The most prominent recent example is the Hamas-organized “March of Return,” a multiweek campaign during which thousands of Gaza civilians—including women and children—repeatedly rioted at the border with Israel. Groups of armed Gazans used these riots as cover to attempt to breach the border.

Yahya Sinwar, Hamas’s leader in Gaza, admitted that the march was designed to generate civilian casualties—to sacrifice “that which is most dear to us—the bodies of our women and children.” The plan worked, he claimed, as “our people” forced onto “the world’s television screens . . . the sacrifice of their children.” Hamas official Salah Bardawil later admitted that most of those killed by Israeli troops defending the border were Hamas operatives. But the television images had already done the intended damage to Israel’s reputation.

While U.S. laws impose sanctions for terrorism, our recent study of Hamas leaders involved in using human shields shows that several have not been named as terrorists by the U.S., let alone the European Union or the U.K. At least one has traveled to Europe on behalf of Hamas without facing consequences.
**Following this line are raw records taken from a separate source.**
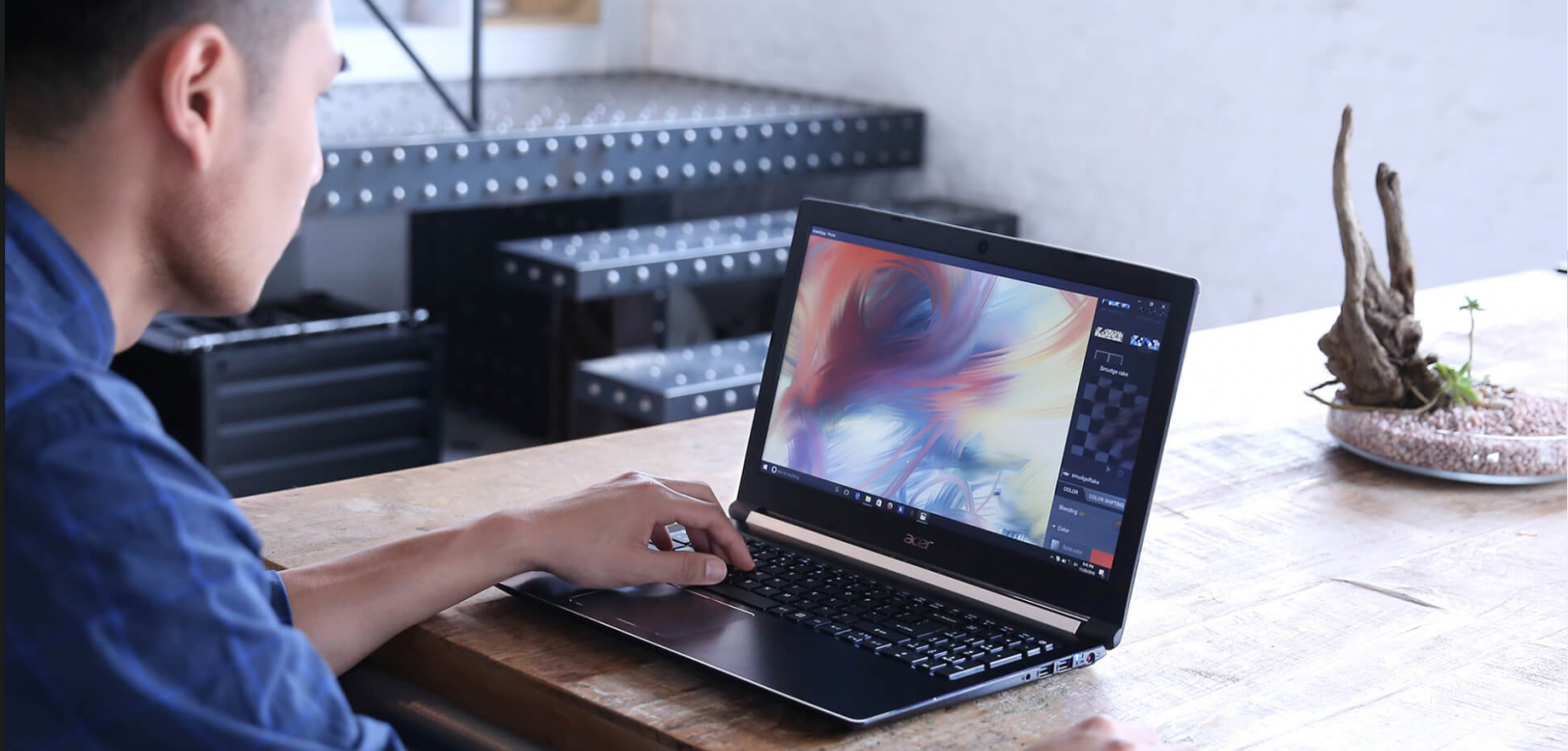 компактные габариты и приемлемый вес устройства Acer Aspire 7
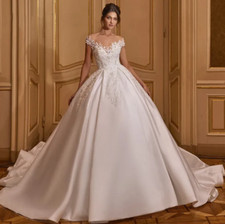 Wedding Dresses Garden Bridal Gown Portrait Lace Applique Beads Ruched Pleats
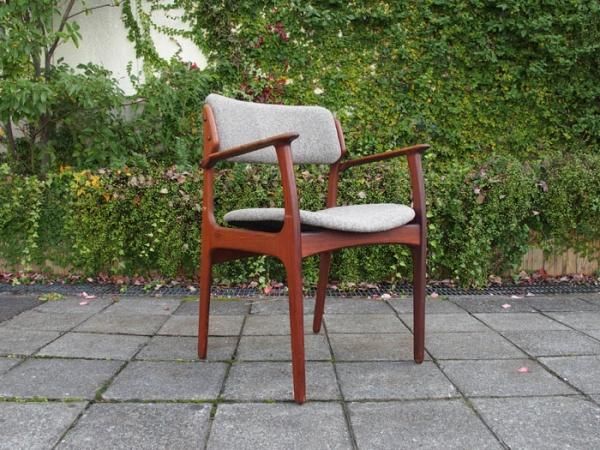 Erik Buchǥ󡣲ʥե졼ࡣ¤꿴ϤɤˤɾΤ룱ӤǤ<br>Teak Arm Chair<br>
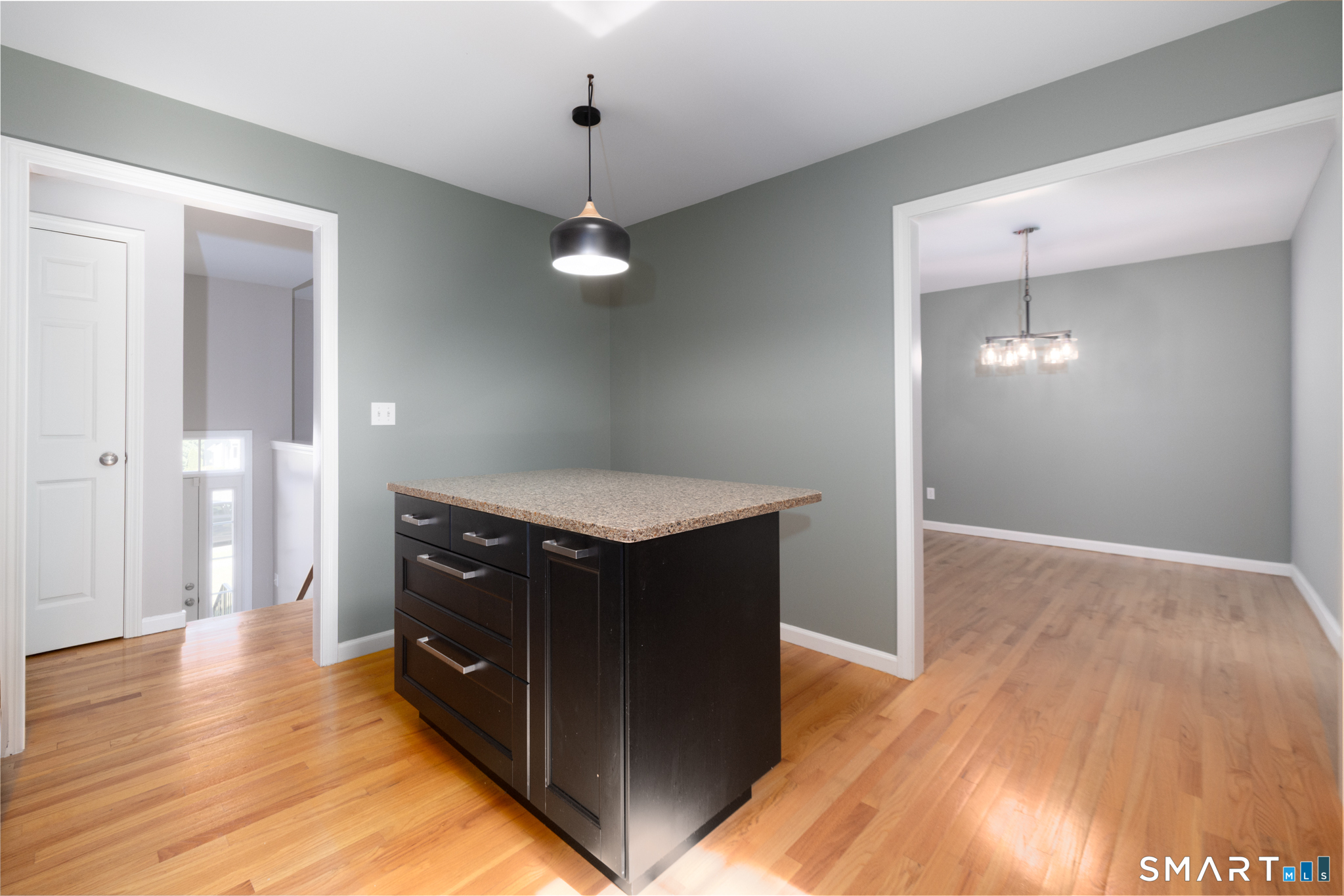 73 Cortland Way Southington CT 06489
Sanctions for using human shields could lead to prosecution in European courts and counter false claims that Western democracies are to blame for harm to these civilians. Too many Europeans believe that one man’s terrorist is another’s freedom fighter, but war crimes still are taken seriously in Europe. In recent decades, universal-jurisdiction complaints alleging involvement in war crimes, based on mere allegations from nongovernmental organizations, deterred travel to Europe by George W. Bush and other former U.S. and Israeli officials. Human-shield sanctions can be used to help turn the lawfare tables against the terrorists.

Western forces must continue to minimize civilian casualties. Fighting with one hand tied behind their backs is the price of decency. But the U.S. government currently has no provision to impose sanctions specifically for using human shields. Legislation to do so has unanimously passed the House and is backed by a bipartisan group of senators. Ambassador Nikki Haley is spearheading a similar effort at the U.N.

Terrorists and their sponsoring regimes must be held accountable for their brutal practice of using civilians as human shields. Doing so would save civilian lives and give democracies the freedom to fight without both hands tied behind their backs.

Mr. Dubowitz is the chief executive officer of the Foundation for Defense of Democracies. Follow him on Twitter @mdubowitz

Mr. Kittrie is a law professor at Arizona State University, a senior fellow at the Foundation for Defense of Democracies, and the author of “Lawfare: Law as a Weapon of War” (Oxford, 2016). Follow him on Twitter @ordefk.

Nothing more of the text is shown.